> Posted by Lindsay Lehr, Senior Director, Americas Market Intelligence
In Latin America, where 70 percent of people do not have a bank account, both the public and private sectors have honed in on financial inclusion as a strategic objective for growth. Mobile financial services for the unbanked have flourished in the region since 2007—there are nearly 40 live mobile money platforms, with five new launches in 2015. However, while mobile money efforts have been successful in Africa, uptake is dismal in Latin America, despite concerted efforts by every major telecom and bank to push such services out to users. Of 480 million adults in Latin America, there are a mere 15 million registered mobile money users (3 percent penetration), of which, only 6 million were active in the past 90 days. Deficient agent networks, technological illiteracy, non-interoperability, and the plain old convenience of cash can all be cited as reasons for poor mobile money penetration.
As a result, most mobile money services in the region are yet not profitable, causing some providers to move away from the unbanked. In a recent interview with Electronic Payments International, Miami-based technology provider YellowPepper noted, “Providing banking services to the unbanked wasn’t paying enough for us to survive, so for the time being we’ve left that market.” Banks and card networks are notably dedicating resources to launch services for their banked customers, including mCommerce mobile wallets and contactless merchant payments.
But providers may be missing out on the most forward-looking opportunity. Almost all mobile money platforms worldwide are developed for feature phones, under the assumption that the unbanked cannot afford smartphones. But smartphone penetration in the region was at roughly 40 percent in 2015, totaling about 156 million, and forecasted to grow 12 percent annually through 2019. This is much faster than the rate of bank product adoption by the unbanked; in Colombia this rate grew only 2 percent annually from 2011-2015. By 2019, 73 percent of Chileans will have smartphones; in Mexico, 70 percent. Meanwhile, the number of unbanked will not have noticeably budged. This means that the ranks of unbanked Latin Americans using a smartphone are growing, and quickly.
Mobile money operators, who are focused on low-tech interfaces for feature phones, may be developing the wrong types of products. Unbanked smartphone users are an entire demographic for which financial inclusion products have not been developed. Indeed, one self-admitted flaw of Peru’s soon-to-launch mobile money service, BIM, is that it is clumsy and slow for smartphone users who are used to flipping seamlessly between apps. Considering the rapid projected growth of smartphone penetration, mobile money services may become obsolete before they even become mainstream.
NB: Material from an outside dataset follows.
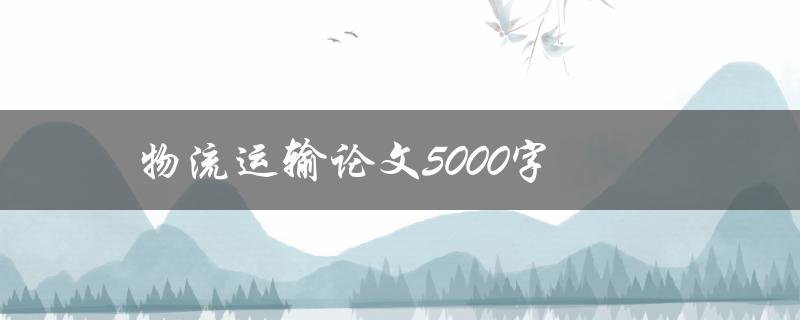 物流运输论文5000字(如何写出高质量的论文)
Growth of smartphone usage aside, there may be another reason to target more high-tech consumers. Mobile money uptake has been so low in part because its main users are marginalized, poorly educated, and highly suspicious of banks and technology. But the unbanked population is diverse and includes young, lower-middle class urban dwellers, who in many cases have smartphones. These users are more tech-savvy and adaptive than feature phone users, and thus are more likely to trade in old behaviors for new ones. With regard to mobile money, smartphone users would be more inclined to trust that their cash is stored safely in their phone and be more excited about sending money to friends electronically than their feature phone counterparts.
Nowadays, the smartphone is the mechanism by which behaviors change and old patterns are disrupted; it has transformed how we communicate, shop, bank, and even hail taxis. Theoretically, if unbanked smartphone users—who are richer, better educated, and more included than feature phone users—adopt mobile money, they will want to use this technology to transact with their feature phone user friends, encouraging them to also use the service. Instead of working from bottom up with the most financially excluded, mobile money providers would be wise to let smartphone users push the service to the bottom of the pyramid for them.